*** Opening Dataset ***

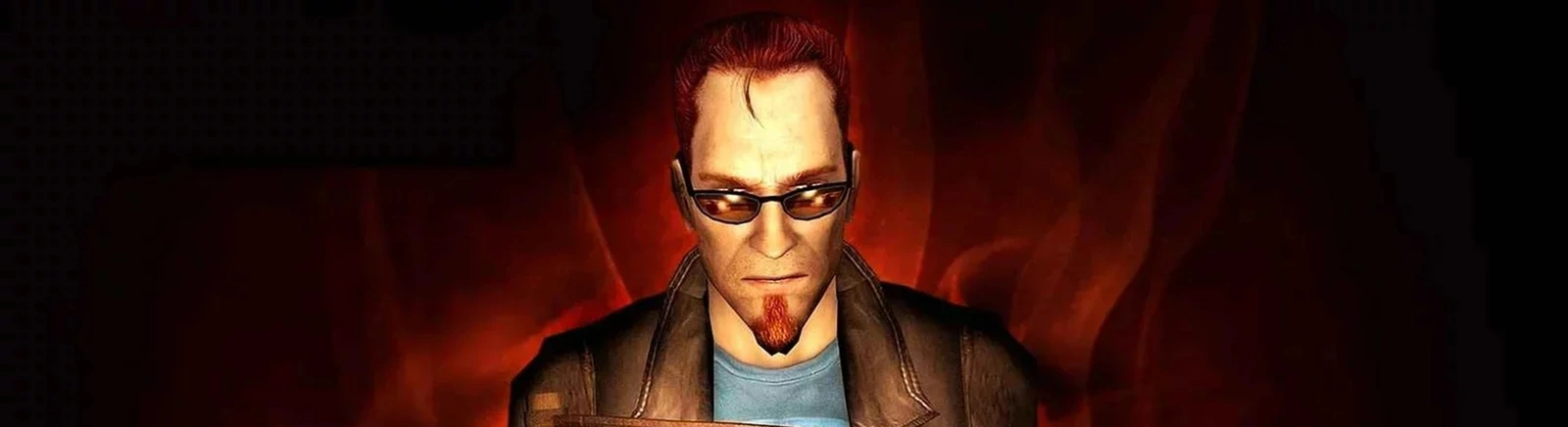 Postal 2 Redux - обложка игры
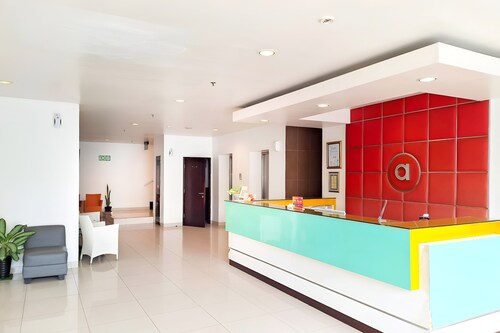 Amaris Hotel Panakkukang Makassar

*** Closing Dataset ***
*** Opening Dataset ***

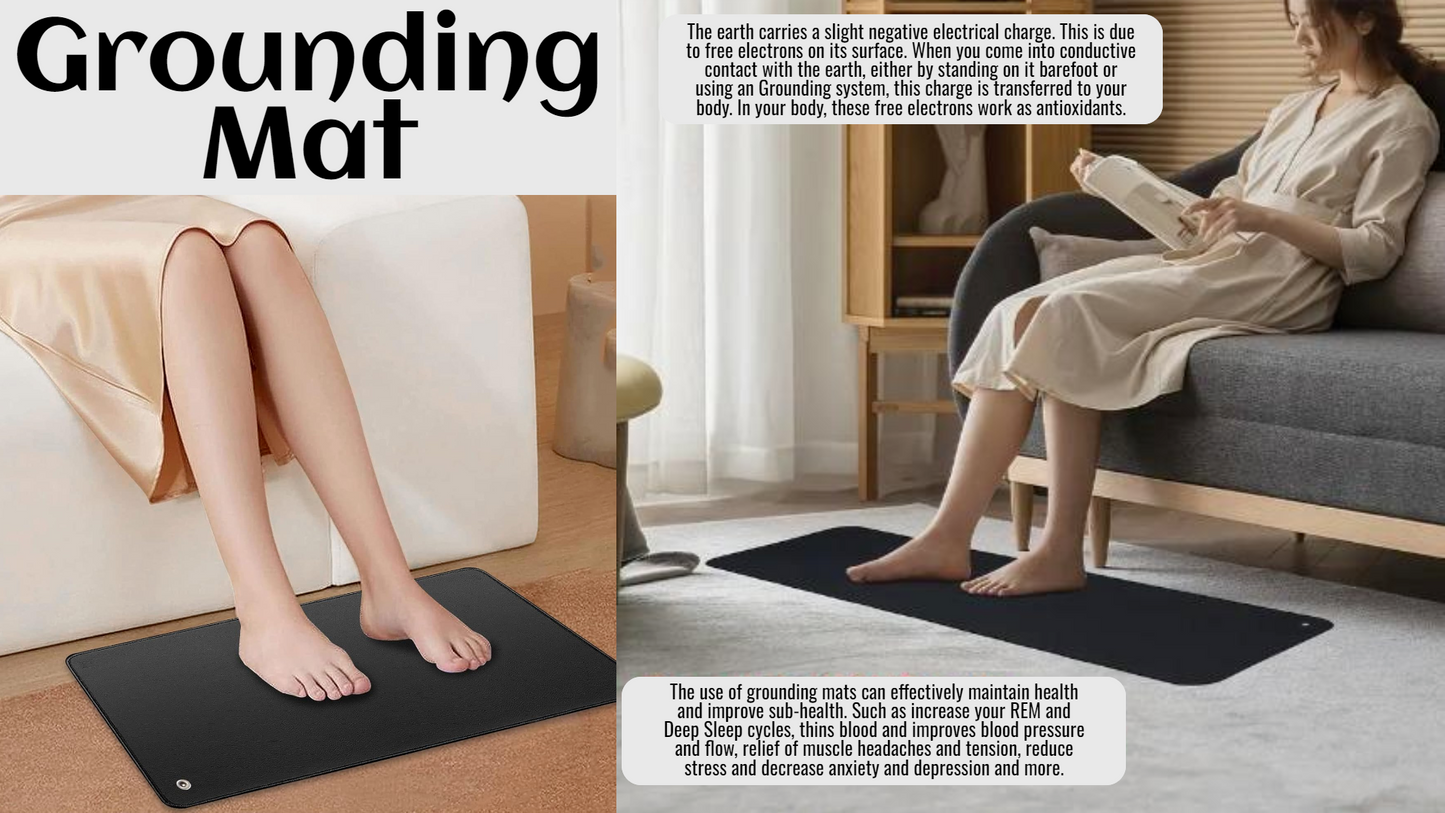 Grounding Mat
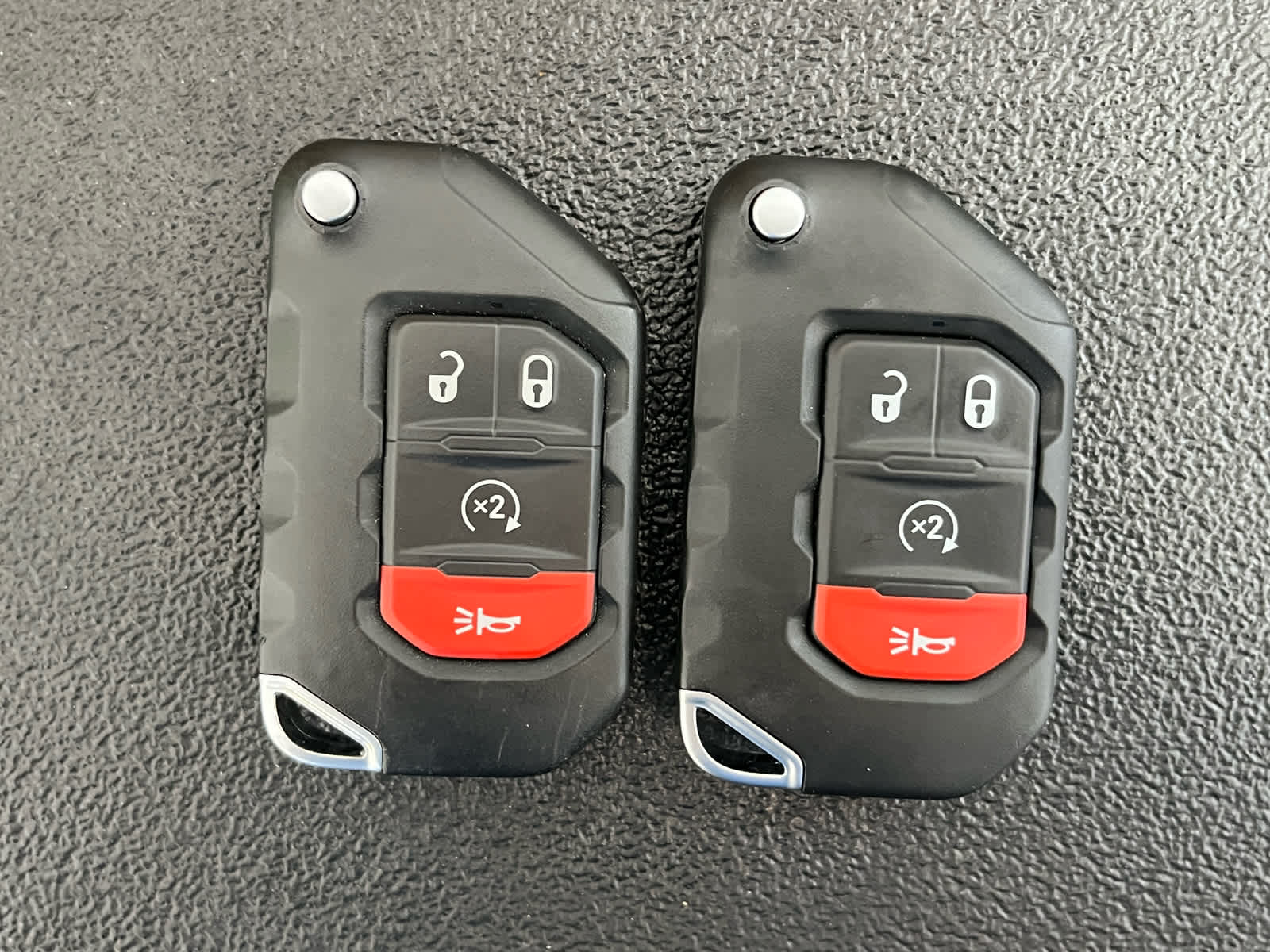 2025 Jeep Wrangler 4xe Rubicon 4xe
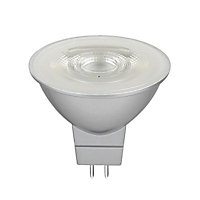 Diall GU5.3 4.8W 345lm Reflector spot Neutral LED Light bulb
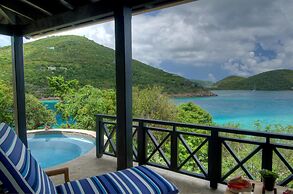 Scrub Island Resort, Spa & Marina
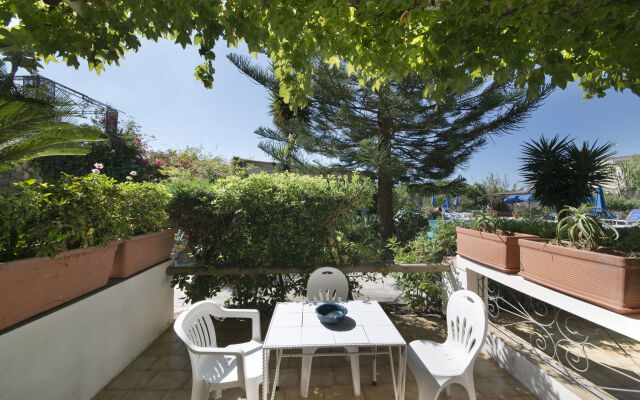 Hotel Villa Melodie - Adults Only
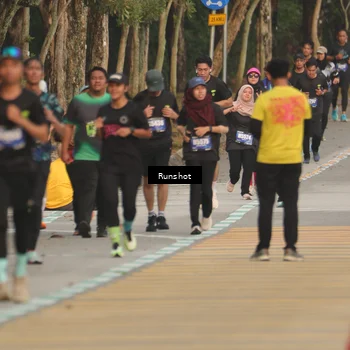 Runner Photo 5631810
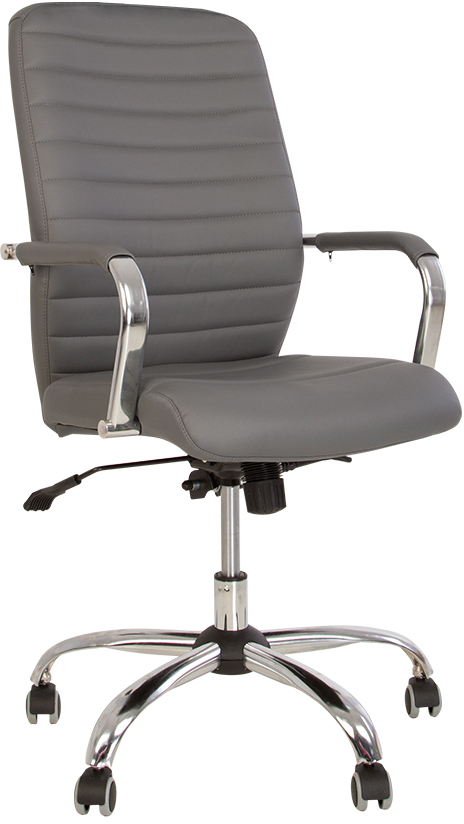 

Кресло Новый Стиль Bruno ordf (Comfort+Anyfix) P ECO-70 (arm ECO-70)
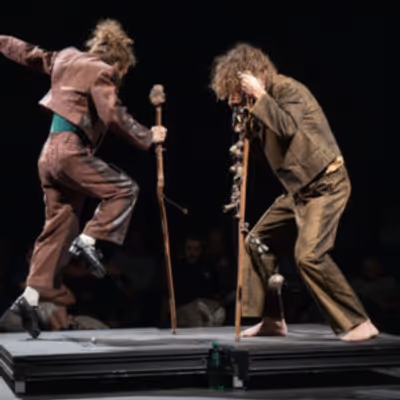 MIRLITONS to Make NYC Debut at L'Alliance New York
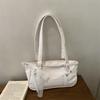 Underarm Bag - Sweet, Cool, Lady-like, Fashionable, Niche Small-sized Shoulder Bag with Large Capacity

*** Closing Dataset ***

• Exercise: Copy out exactly the lines above beginning with the line that contains "Кресло Новый Стиль" and finishing with the line that contains "Underarm Bag - Sweet, Cool, Lady-like, Fashionable, Niche", including both; leave the pictures out.

• Solved problem:
Кресло Новый Стиль Bruno ordf (Comfort+Anyfix) P ECO-70 (arm ECO-70)
 MIRLITONS to Make NYC Debut at L'Alliance New York
 Underarm Bag - Sweet, Cool, Lady-like, Fashionable, Niche Small-sized Shoulder Bag with Large Capacity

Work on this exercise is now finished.